COGNAC Autant de vignes, moins de viticulteurs

Myriam Guillemaud - La vigne - n°238 - janvier 2012 - page 50

La conjoncture est très favorable au cognac. Le vignoble maintient ses surfaces mais les exploitations se concentrent, avec un recours plus grand aux formes sociétaires et à la main-d'œuvre salariée.
La viticulture dans les Charentes

La viticulture dans les Charentes

Elles étaient 6 163 en 2000, elles ne sont plus que 4 000 selon le dernier recensement général agricole. En dix ans, la viticulture charentaise a perdu plus du tiers de ses exploitations spécialisées en viticulture.

Christophe Forget, président de l'Union générale des viticulteurs de Cognac, le regrette. Il rappelle qu'au début des années 1990, il y avait encore 18 000 déclarants de récolte dans la région. « En 2011, il n'en reste que 4 844. Nous assistons à une érosion continue de leur nombre, observe-t-il. La baisse est encore de 2 % cette année. Mais elle est moins marquée que par le passé. C'est encourageant. »

Pour Gilles Baurion, du Centre de gestion Océan, la tendance va encore se poursuivre. « Il y a bien des entreprises qui se vendent de manière classique », entre un cédant et un repreneur qui s'installe dans le métier. « Mais dans la plupart des cas, les exploitations mises en vente sont reprises par des exploitations existantes. L'installation de jeunes reste marginale. Le prix des terres est tel qu'il faut avoir une solide assise financière et un capital conséquent pour pouvoir en acheter… »

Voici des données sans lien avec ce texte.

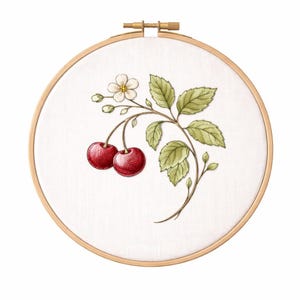 May include: Embroidery hoop with a detailed illustration of cherries and leaves. The design features two ripe red cherries, green leaves, and a delicate white flower. The artwork is set against a white fabric background, framed by a wooden hoop.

La conséquence, c'est la multiplication des sociétés. Avec comme corollaire une plus grande présence des femmes parmi les exploitants. Alors que la transmission se faisait traditionnellement vers les fils, les filles trouvent plus facilement leur place au sein des sociétés qui se créent. « On voit même des femmes qui dirigent leur exploitation tandis que leur mari travaille à l'extérieur », note Patrice Fradet, directeur du CER sur le territoire de Cognac.

Gestion à distance

Depuis peu, un autre mouvement s'observe. « Il y a un retour marqué de l'intérêt des enfants pour les exploitations, souligne Patrice Fradet. La conjoncture est plus favorable avec la hausse des ventes de cognac. Les familles souhaitent conserver leur patrimoine. Mais les enfants travaillent à la ville. Ils ont la quarantaine et des emplois intéressants lorsque leurs parents partent en retraite. Ils reprennent l'exploitation, non pas pour y revenir, mais pour la gérer à distance et la faire cultiver par une entreprise. »

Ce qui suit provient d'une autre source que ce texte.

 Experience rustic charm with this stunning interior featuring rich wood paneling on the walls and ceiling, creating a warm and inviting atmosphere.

Contrairement au nombre d'exploitations, le poids du vignoble a peu reculé au cours des dix dernières années. Ainsi, Hennessy reste la première entreprise agroalimentaire de toute la région Poitou-Charentes. Et dans les deux départements, la viticulture reste la première production agricole par le nombre d'exploitations. En Charente, 30 % des exploitations sont spécialisées dans la viticulture, autant qu'en 2000 malgré la progression des grandes cultures car celle-ci s'est faite au détriment de l'élevage. Ces exploitations cultivent en moyenne 20 ha et une sur deux cultive plus de 15 ha.

En Charente-Maritime, les exploitations sont plus petites : une sur deux travaille sur plus de 12 ha et leur proportion a reculé de 35 à 28 % du nombre d'exploitations agricoles.

Plus significatif encore, les surfaces de vignes n'ont pas bougé. En Charente, elles ont même progressé de 1 500 ha entre les deux derniers recensements pour arriver à 40 600 ha, dont 96 % sont affectés au cognac. Dans le même temps, la Charente-Maritime a perdu 1 350 ha.

Au total, le vignoble des deux départements occupe 79 300 ha. Il s'est aussi concentré autour de Cognac. Au début des années 2000, alors que la région était encore en crise, des producteurs ont acheté des vignes bon marché dans les zones périphériques du sud de la Charente-Maritime. Ils les ont cultivées pendant deux ans, la durée minimum obligatoire, puis les ont arrachées pour aller replanter en petite ou grande Champagne.

Le défi de la main-d'œuvre

L'agrandissement des exploitations s'accompagne d'un recours plus important à de la main-d'œuvre salariée. La famille n'est plus aussi disponible que par le passé. Les parents ont des retraites souvent bien remplies. Les enfants vivent loin de leurs parents et pratiquent d'autres métiers. En Charente-Maritime, la part de la main-d'œuvre familiale est ainsi tombée de 18 à 11 % entre 2000 et 2010. Ces chiffres concernent toutes les productions, mais la viticulture emploie à elle seule un salarié sur trois dans ce département. Pour compenser cette désaffection, les viticulteurs ont davantage recours aux salariés. Avec une nouvelle évolution apparue au cours des dix dernières années : la proportion des salariés à temps complet va croissant tandis que les saisonniers sont moins présents. Les premiers représentent aujourd'hui 51 % de la main-d'œuvre salariée en Charente-Maritime, contre 44 % il y a dix ans.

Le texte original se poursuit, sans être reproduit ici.